Together, LAION e.V and JSC have created LAION-5B, a large-scale open dataset of 5.8 Billion image-text pairs obtained from Common Crawl, an open web repository. LAION-5B has demonstrated to be good enough to train strong state-of-the-art models without the necessity of human curation. The work on composing and validating LAION-5B by training CLIP models of various scale on JUWELS Booster, the supercomputer installed at JSC, has culminated in winning the Outstanding Paper Award at NeurIPS 2022, one of the strongest international top conferences for machine learning and artificial intelligence that took place in New Orleans from 27.11 to 04.12
Dr. Jenia Jitsev, co-founder and scientific lead at LAION e.V, was co-leading the collaborative effort, working together with his postdoc Dr. Mehdi Cherti at Scalable Learning & Multi-Purpose AI Lab at JSC. He is very delighted to receive such a high recognition from the broad research community. "It is very rewarding to see how such a grand cooperation between many research labs, independent researchers, citizen scientists and industry bears such fruits, opening wide range of further perspectives for transparently studying together important phenomena in large, strongly transferable models, now accessible to academic research labs across the world and not any more restricted to few industry labs with large resources."
Many institutions made this study possible along with LAION and JSC: UC Berkeley, TU Darmstadt, TU Munich, University of Washington, Allen AI Institute, EleutherAI, HuggingFace and Stability AI. Pivotal for these experiments was JUWELS Booster, the supercomputer hosted by JSC, and the compute time granted by Gauss Center for Supercomputing.
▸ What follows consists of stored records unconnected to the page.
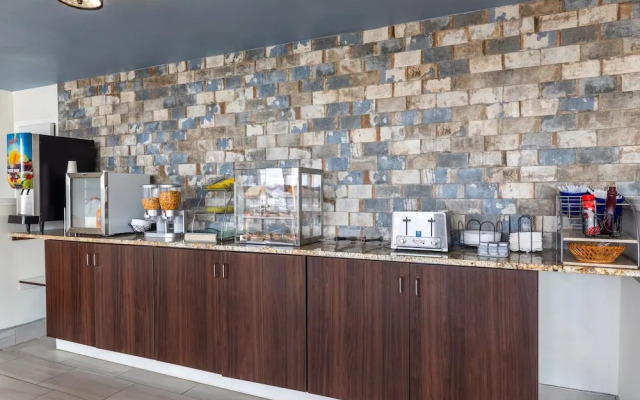 Super 8 by Wyndham Riverside AL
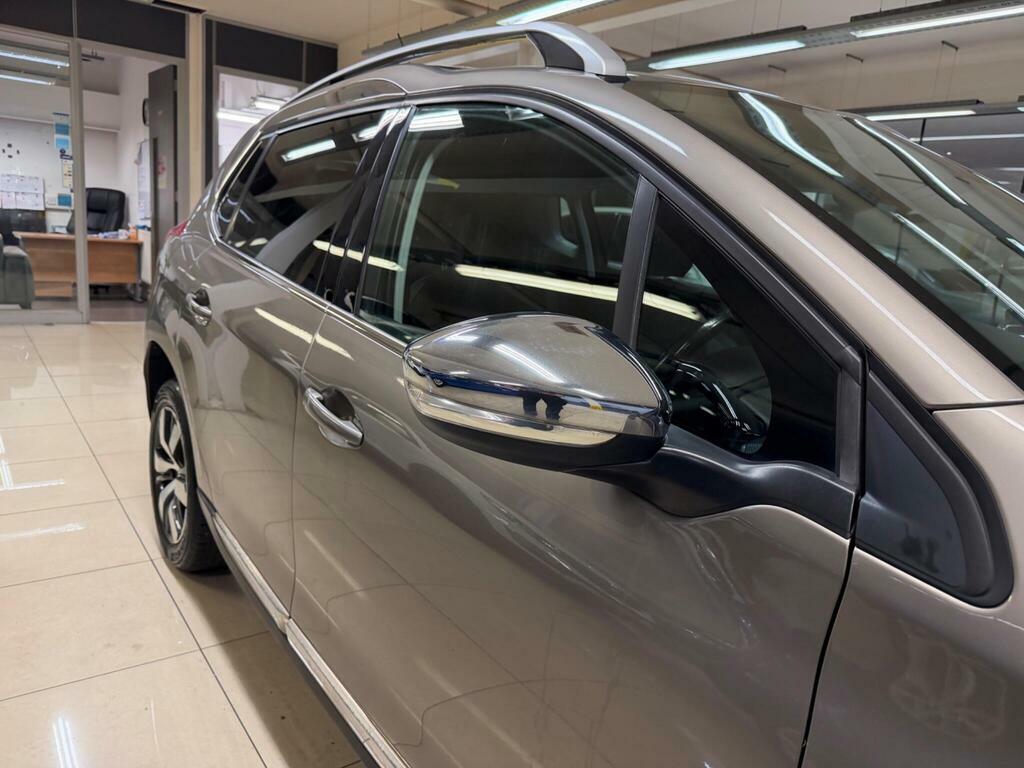 Peugeot 2008 2015 65 Pure White #13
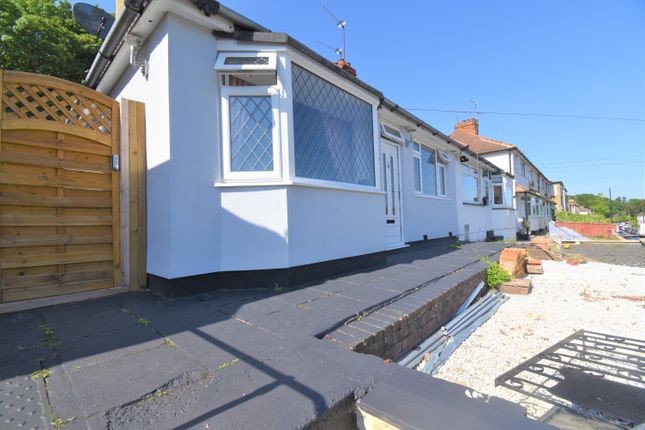 Thumbnail Bungalow to rent in Holly Hill Road, Erith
This collaborative effort made it clear for all participants that achieving further breakthroughs on frontiers of machine learning and AI will require further advances in handling model training on very large scales. While its results are already being put to use by numerous research labs across the world, JSC prepares to host the first European Exascale machine, JUPITER. The international collaboration partners involved in the awarded work are expecting to take upcoming opportunities for further groundbreaking large-scale research at the site in Juelich.